An exact reproduction of every record is required.

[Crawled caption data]
--------------------------------

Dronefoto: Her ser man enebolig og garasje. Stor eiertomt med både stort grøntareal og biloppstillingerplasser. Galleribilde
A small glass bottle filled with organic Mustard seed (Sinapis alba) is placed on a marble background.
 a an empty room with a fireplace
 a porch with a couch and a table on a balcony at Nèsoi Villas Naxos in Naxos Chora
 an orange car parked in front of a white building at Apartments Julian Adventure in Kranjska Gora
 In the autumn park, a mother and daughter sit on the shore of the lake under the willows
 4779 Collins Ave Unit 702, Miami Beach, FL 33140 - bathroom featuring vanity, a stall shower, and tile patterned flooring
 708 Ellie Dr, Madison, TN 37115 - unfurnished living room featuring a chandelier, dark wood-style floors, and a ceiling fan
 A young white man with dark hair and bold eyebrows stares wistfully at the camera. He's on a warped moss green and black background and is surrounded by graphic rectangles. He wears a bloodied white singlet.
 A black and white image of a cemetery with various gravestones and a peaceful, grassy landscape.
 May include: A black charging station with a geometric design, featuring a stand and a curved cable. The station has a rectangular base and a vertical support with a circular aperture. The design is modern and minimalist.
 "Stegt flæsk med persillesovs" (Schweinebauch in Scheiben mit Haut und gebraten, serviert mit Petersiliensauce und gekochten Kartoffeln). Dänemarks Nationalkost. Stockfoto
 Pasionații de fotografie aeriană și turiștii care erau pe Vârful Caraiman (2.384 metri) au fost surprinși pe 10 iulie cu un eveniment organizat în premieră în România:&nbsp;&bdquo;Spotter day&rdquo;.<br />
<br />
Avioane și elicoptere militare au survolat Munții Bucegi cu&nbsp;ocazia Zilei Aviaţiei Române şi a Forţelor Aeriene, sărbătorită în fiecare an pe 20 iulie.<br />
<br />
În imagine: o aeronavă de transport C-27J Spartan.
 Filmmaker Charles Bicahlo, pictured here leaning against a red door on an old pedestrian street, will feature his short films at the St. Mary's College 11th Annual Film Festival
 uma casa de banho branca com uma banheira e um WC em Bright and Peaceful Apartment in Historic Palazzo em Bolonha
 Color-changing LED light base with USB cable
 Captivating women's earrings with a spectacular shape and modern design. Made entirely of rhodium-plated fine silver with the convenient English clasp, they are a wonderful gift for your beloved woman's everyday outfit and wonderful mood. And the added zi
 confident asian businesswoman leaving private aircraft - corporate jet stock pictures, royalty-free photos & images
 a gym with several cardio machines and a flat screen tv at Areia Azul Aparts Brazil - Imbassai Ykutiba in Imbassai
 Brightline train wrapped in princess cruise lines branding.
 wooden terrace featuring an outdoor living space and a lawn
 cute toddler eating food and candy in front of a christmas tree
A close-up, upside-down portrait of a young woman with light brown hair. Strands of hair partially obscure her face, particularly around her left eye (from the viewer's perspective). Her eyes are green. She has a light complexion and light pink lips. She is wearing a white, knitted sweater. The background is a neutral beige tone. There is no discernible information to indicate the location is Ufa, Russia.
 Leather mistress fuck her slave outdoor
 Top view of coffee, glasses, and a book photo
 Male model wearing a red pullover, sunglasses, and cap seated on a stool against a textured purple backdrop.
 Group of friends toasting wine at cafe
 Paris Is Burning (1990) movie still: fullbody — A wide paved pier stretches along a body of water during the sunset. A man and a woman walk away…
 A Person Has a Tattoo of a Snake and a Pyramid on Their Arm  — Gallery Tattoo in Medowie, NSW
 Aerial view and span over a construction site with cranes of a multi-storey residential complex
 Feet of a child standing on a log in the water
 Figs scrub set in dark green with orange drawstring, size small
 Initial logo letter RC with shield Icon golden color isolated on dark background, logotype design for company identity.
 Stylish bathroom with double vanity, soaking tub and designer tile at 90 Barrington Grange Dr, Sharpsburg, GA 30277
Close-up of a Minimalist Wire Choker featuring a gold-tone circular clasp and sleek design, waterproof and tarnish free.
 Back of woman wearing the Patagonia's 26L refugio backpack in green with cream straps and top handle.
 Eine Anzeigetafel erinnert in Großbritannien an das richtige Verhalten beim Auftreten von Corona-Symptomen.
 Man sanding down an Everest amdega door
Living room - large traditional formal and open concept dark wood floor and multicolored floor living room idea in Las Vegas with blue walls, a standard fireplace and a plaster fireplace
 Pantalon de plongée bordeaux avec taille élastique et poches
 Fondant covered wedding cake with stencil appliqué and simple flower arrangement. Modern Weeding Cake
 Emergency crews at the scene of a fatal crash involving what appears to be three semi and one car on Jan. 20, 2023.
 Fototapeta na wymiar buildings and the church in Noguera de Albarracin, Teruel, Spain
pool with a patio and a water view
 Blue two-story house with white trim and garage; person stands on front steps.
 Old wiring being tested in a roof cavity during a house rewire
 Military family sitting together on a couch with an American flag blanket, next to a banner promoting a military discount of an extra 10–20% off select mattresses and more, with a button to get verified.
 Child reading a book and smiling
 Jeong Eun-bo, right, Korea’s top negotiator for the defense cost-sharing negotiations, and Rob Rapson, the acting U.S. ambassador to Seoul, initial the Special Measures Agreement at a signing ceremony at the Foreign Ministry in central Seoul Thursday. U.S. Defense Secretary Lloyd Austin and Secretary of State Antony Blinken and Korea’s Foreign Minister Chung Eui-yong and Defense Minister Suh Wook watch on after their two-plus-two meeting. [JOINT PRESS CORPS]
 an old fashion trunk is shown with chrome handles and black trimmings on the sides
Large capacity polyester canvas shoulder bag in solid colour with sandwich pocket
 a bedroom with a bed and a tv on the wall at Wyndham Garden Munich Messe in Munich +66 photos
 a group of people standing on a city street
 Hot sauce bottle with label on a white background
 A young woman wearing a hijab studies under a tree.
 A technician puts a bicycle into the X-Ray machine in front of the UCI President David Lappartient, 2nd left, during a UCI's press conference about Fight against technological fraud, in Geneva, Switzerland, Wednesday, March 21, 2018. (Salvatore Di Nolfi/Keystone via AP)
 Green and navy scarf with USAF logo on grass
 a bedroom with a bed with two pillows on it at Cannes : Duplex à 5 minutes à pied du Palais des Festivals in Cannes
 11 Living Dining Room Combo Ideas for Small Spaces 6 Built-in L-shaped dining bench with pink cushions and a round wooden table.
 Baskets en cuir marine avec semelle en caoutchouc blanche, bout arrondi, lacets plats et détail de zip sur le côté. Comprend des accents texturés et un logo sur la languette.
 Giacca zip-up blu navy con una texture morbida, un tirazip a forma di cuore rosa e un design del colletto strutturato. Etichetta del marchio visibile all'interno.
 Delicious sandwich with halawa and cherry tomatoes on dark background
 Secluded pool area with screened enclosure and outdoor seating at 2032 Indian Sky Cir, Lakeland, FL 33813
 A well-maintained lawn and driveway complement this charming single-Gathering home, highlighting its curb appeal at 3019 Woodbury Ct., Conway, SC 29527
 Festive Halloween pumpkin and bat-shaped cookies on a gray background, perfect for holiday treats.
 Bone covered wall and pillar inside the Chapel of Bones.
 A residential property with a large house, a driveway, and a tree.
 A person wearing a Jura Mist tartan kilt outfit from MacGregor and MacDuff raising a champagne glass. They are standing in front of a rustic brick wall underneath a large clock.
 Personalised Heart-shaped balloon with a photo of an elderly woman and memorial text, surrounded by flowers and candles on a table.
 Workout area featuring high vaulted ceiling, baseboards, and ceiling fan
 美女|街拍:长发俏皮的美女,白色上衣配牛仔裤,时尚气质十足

--------------------------------

** Task answer **
Dronefoto: Her ser man enebolig og garasje. Stor eiertomt med både stort grøntareal og biloppstillingerplasser. Galleribilde
A small glass bottle filled with organic Mustard seed (Sinapis alba) is placed on a marble background.
 a an empty room with a fireplace
 a porch with a couch and a table on a balcony at Nèsoi Villas Naxos in Naxos Chora
 an orange car parked in front of a white building at Apartments Julian Adventure in Kranjska Gora
 In the autumn park, a mother and daughter sit on the shore of the lake under the willows
 4779 Collins Ave Unit 702, Miami Beach, FL 33140 - bathroom featuring vanity, a stall shower, and tile patterned flooring
 708 Ellie Dr, Madison, TN 37115 - unfurnished living room featuring a chandelier, dark wood-style floors, and a ceiling fan
 A young white man with dark hair and bold eyebrows stares wistfully at the camera. He's on a warped moss green and black background and is surrounded by graphic rectangles. He wears a bloodied white singlet.
 A black and white image of a cemetery with various gravestones and a peaceful, grassy landscape.
 May include: A black charging station with a geometric design, featuring a stand and a curved cable. The station has a rectangular base and a vertical support with a circular aperture. The design is modern and minimalist.
 "Stegt flæsk med persillesovs" (Schweinebauch in Scheiben mit Haut und gebraten, serviert mit Petersiliensauce und gekochten Kartoffeln). Dänemarks Nationalkost. Stockfoto
 Pasionații de fotografie aeriană și turiștii care erau pe Vârful Caraiman (2.384 metri) au fost surprinși pe 10 iulie cu un eveniment organizat în premieră în România:&nbsp;&bdquo;Spotter day&rdquo;.<br />
<br />
Avioane și elicoptere militare au survolat Munții Bucegi cu&nbsp;ocazia Zilei Aviaţiei Române şi a Forţelor Aeriene, sărbătorită în fiecare an pe 20 iulie.<br />
<br />
În imagine: o aeronavă de transport C-27J Spartan.
 Filmmaker Charles Bicahlo, pictured here leaning against a red door on an old pedestrian street, will feature his short films at the St. Mary's College 11th Annual Film Festival
 uma casa de banho branca com uma banheira e um WC em Bright and Peaceful Apartment in Historic Palazzo em Bolonha
 Color-changing LED light base with USB cable
 Captivating women's earrings with a spectacular shape and modern design. Made entirely of rhodium-plated fine silver with the convenient English clasp, they are a wonderful gift for your beloved woman's everyday outfit and wonderful mood. And the added zi
 confident asian businesswoman leaving private aircraft - corporate jet stock pictures, royalty-free photos & images
 a gym with several cardio machines and a flat screen tv at Areia Azul Aparts Brazil - Imbassai Ykutiba in Imbassai
 Brightline train wrapped in princess cruise lines branding.
 wooden terrace featuring an outdoor living space and a lawn
 cute toddler eating food and candy in front of a christmas tree
A close-up, upside-down portrait of a young woman with light brown hair. Strands of hair partially obscure her face, particularly around her left eye (from the viewer's perspective). Her eyes are green. She has a light complexion and light pink lips. She is wearing a white, knitted sweater. The background is a neutral beige tone. There is no discernible information to indicate the location is Ufa, Russia.
 Leather mistress fuck her slave outdoor
 Top view of coffee, glasses, and a book photo
 Male model wearing a red pullover, sunglasses, and cap seated on a stool against a textured purple backdrop.
 Group of friends toasting wine at cafe
 Paris Is Burning (1990) movie still: fullbody — A wide paved pier stretches along a body of water during the sunset. A man and a woman walk away…
 A Person Has a Tattoo of a Snake and a Pyramid on Their Arm  — Gallery Tattoo in Medowie, NSW
 Aerial view and span over a construction site with cranes of a multi-storey residential complex
 Feet of a child standing on a log in the water
 Figs scrub set in dark green with orange drawstring, size small
 Initial logo letter RC with shield Icon golden color isolated on dark background, logotype design for company identity.
 Stylish bathroom with double vanity, soaking tub and designer tile at 90 Barrington Grange Dr, Sharpsburg, GA 30277
Close-up of a Minimalist Wire Choker featuring a gold-tone circular clasp and sleek design, waterproof and tarnish free.
 Back of woman wearing the Patagonia's 26L refugio backpack in green with cream straps and top handle.
 Eine Anzeigetafel erinnert in Großbritannien an das richtige Verhalten beim Auftreten von Corona-Symptomen.
 Man sanding down an Everest amdega door
Living room - large traditional formal and open concept dark wood floor and multicolored floor living room idea in Las Vegas with blue walls, a standard fireplace and a plaster fireplace
 Pantalon de plongée bordeaux avec taille élastique et poches
 Fondant covered wedding cake with stencil appliqué and simple flower arrangement. Modern Weeding Cake
 Emergency crews at the scene of a fatal crash involving what appears to be three semi and one car on Jan. 20, 2023.
 Fototapeta na wymiar buildings and the church in Noguera de Albarracin, Teruel, Spain
pool with a patio and a water view
 Blue two-story house with white trim and garage; person stands on front steps.
 Old wiring being tested in a roof cavity during a house rewire
 Military family sitting together on a couch with an American flag blanket, next to a banner promoting a military discount of an extra 10–20% off select mattresses and more, with a button to get verified.
 Child reading a book and smiling
 Jeong Eun-bo, right, Korea’s top negotiator for the defense cost-sharing negotiations, and Rob Rapson, the acting U.S. ambassador to Seoul, initial the Special Measures Agreement at a signing ceremony at the Foreign Ministry in central Seoul Thursday. U.S. Defense Secretary Lloyd Austin and Secretary of State Antony Blinken and Korea’s Foreign Minister Chung Eui-yong and Defense Minister Suh Wook watch on after their two-plus-two meeting. [JOINT PRESS CORPS]
 an old fashion trunk is shown with chrome handles and black trimmings on the sides
Large capacity polyester canvas shoulder bag in solid colour with sandwich pocket
 a bedroom with a bed and a tv on the wall at Wyndham Garden Munich Messe in Munich +66 photos
 a group of people standing on a city street
 Hot sauce bottle with label on a white background
 A young woman wearing a hijab studies under a tree.
 A technician puts a bicycle into the X-Ray machine in front of the UCI President David Lappartient, 2nd left, during a UCI's press conference about Fight against technological fraud, in Geneva, Switzerland, Wednesday, March 21, 2018. (Salvatore Di Nolfi/Keystone via AP)
 Green and navy scarf with USAF logo on grass
 a bedroom with a bed with two pillows on it at Cannes : Duplex à 5 minutes à pied du Palais des Festivals in Cannes
 11 Living Dining Room Combo Ideas for Small Spaces 6 Built-in L-shaped dining bench with pink cushions and a round wooden table.
 Baskets en cuir marine avec semelle en caoutchouc blanche, bout arrondi, lacets plats et détail de zip sur le côté. Comprend des accents texturés et un logo sur la languette.
 Giacca zip-up blu navy con una texture morbida, un tirazip a forma di cuore rosa e un design del colletto strutturato. Etichetta del marchio visibile all'interno.
 Delicious sandwich with halawa and cherry tomatoes on dark background
 Secluded pool area with screened enclosure and outdoor seating at 2032 Indian Sky Cir, Lakeland, FL 33813
 A well-maintained lawn and driveway complement this charming single-Gathering home, highlighting its curb appeal at 3019 Woodbury Ct., Conway, SC 29527
 Festive Halloween pumpkin and bat-shaped cookies on a gray background, perfect for holiday treats.
 Bone covered wall and pillar inside the Chapel of Bones.
 A residential property with a large house, a driveway, and a tree.
 A person wearing a Jura Mist tartan kilt outfit from MacGregor and MacDuff raising a champagne glass. They are standing in front of a rustic brick wall underneath a large clock.
 Personalised Heart-shaped balloon with a photo of an elderly woman and memorial text, surrounded by flowers and candles on a table.
 Workout area featuring high vaulted ceiling, baseboards, and ceiling fan
 美女|街拍:长发俏皮的美女,白色上衣配牛仔裤,时尚气质十足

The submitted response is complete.